[Assignment]
Find how many lines below mention "Ford". Nothing but the number is needed.

[Exercise data]
◇ ◇ ◇ ◇ ◇ ◇ ◇
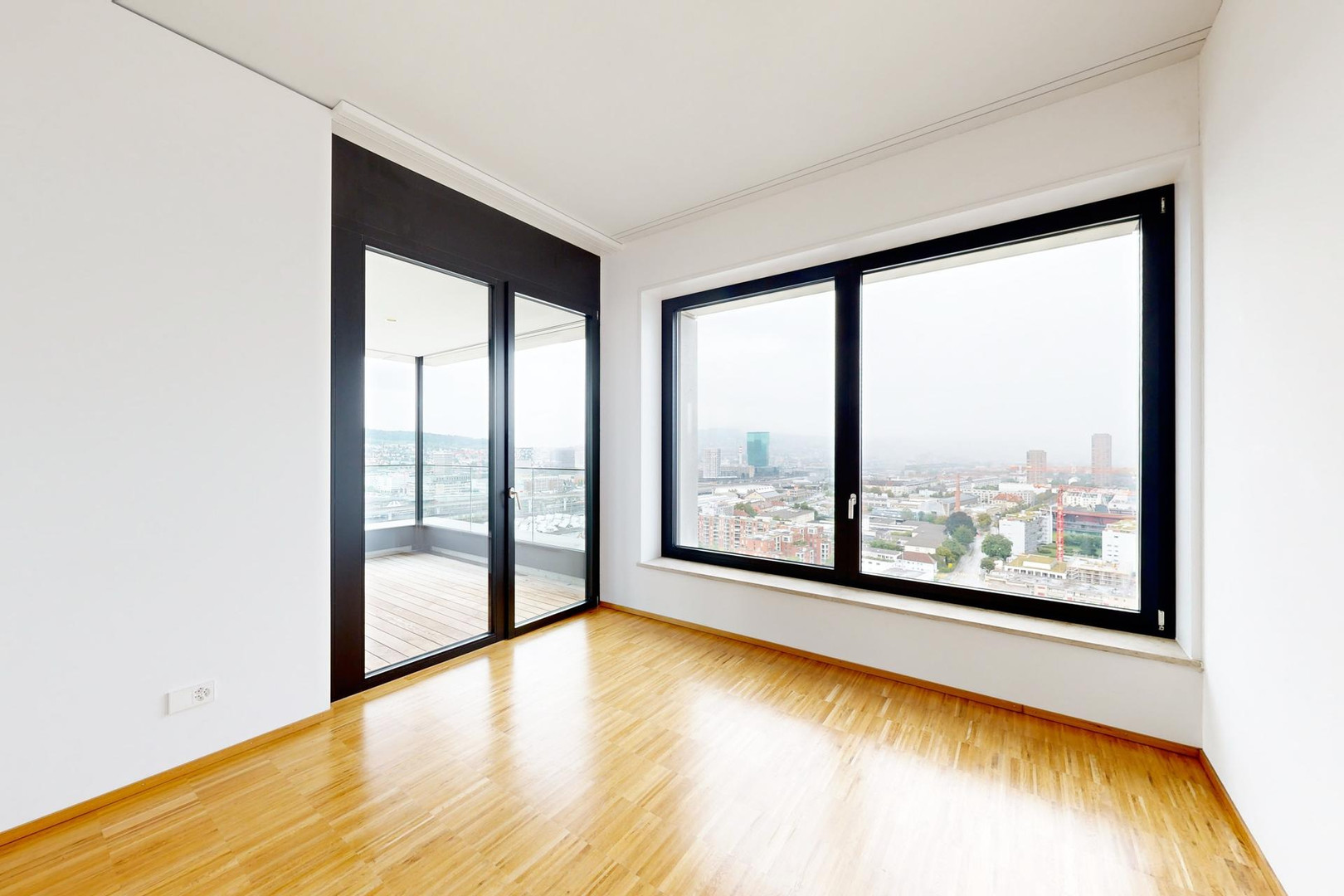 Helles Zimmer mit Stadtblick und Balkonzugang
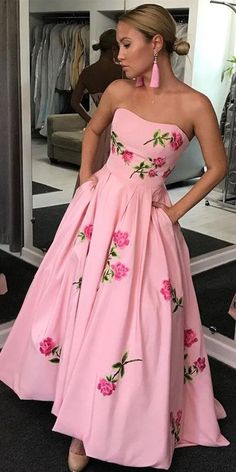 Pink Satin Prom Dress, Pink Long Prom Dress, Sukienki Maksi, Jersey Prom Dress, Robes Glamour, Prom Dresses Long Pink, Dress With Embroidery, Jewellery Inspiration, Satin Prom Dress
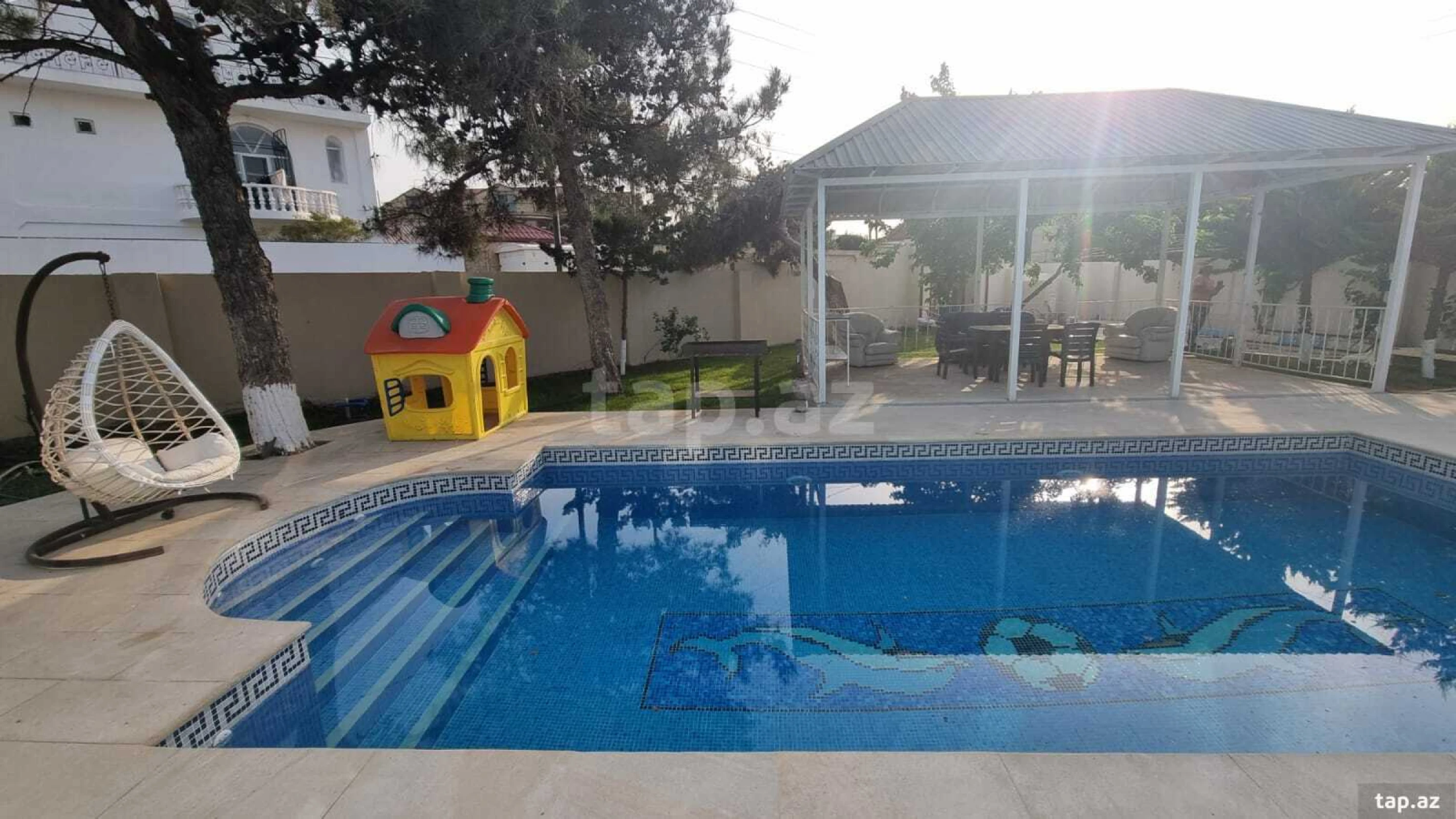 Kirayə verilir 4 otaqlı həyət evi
◇ ◇ ◇ ◇ ◇ ◇ ◇
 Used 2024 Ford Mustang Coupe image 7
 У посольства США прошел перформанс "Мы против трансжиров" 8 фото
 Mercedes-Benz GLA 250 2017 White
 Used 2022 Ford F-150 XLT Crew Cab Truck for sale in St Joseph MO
◇ ◇ ◇ ◇ ◇ ◇ ◇
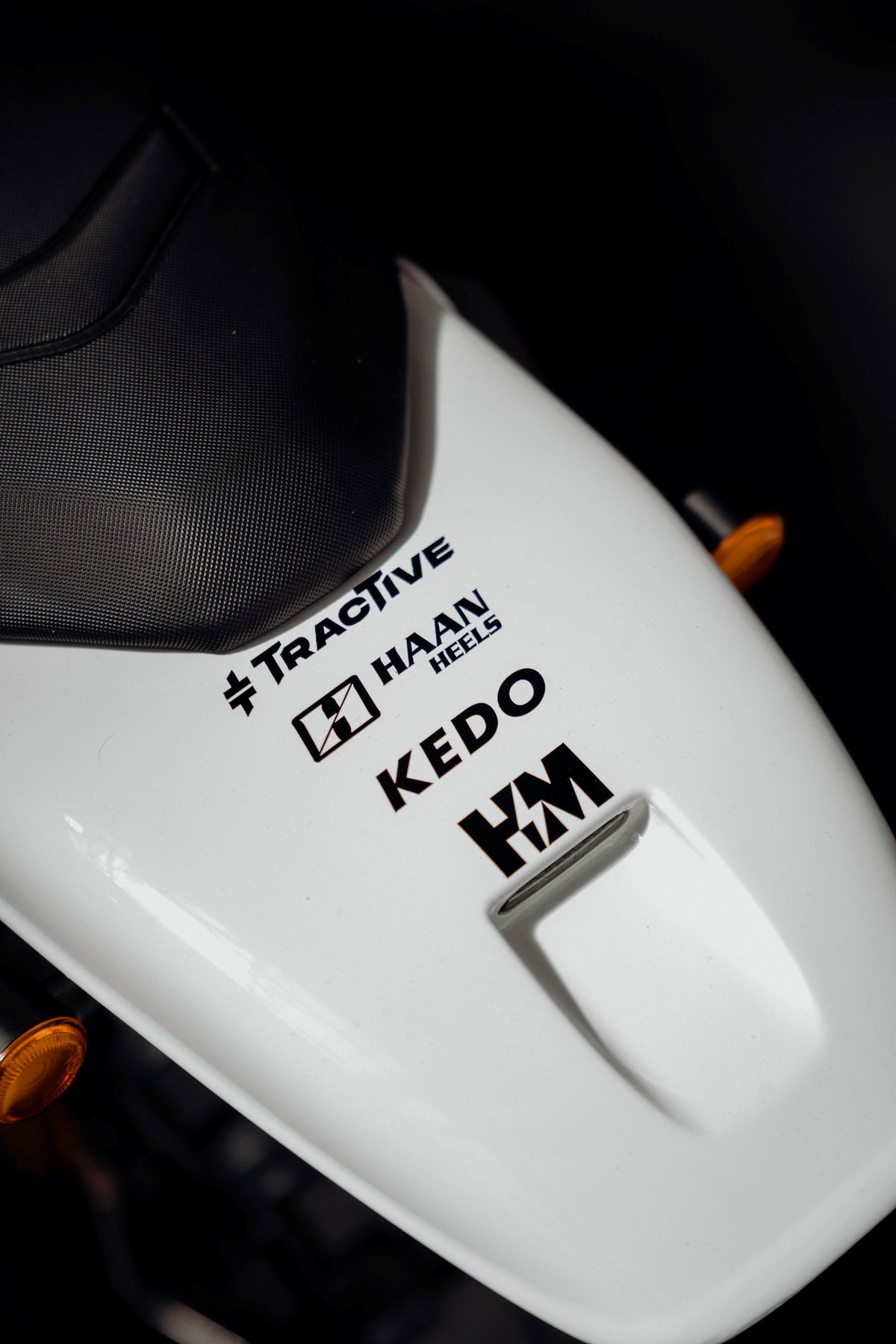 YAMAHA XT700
◇ ◇ ◇ ◇ ◇ ◇ ◇
[Result of this task]
2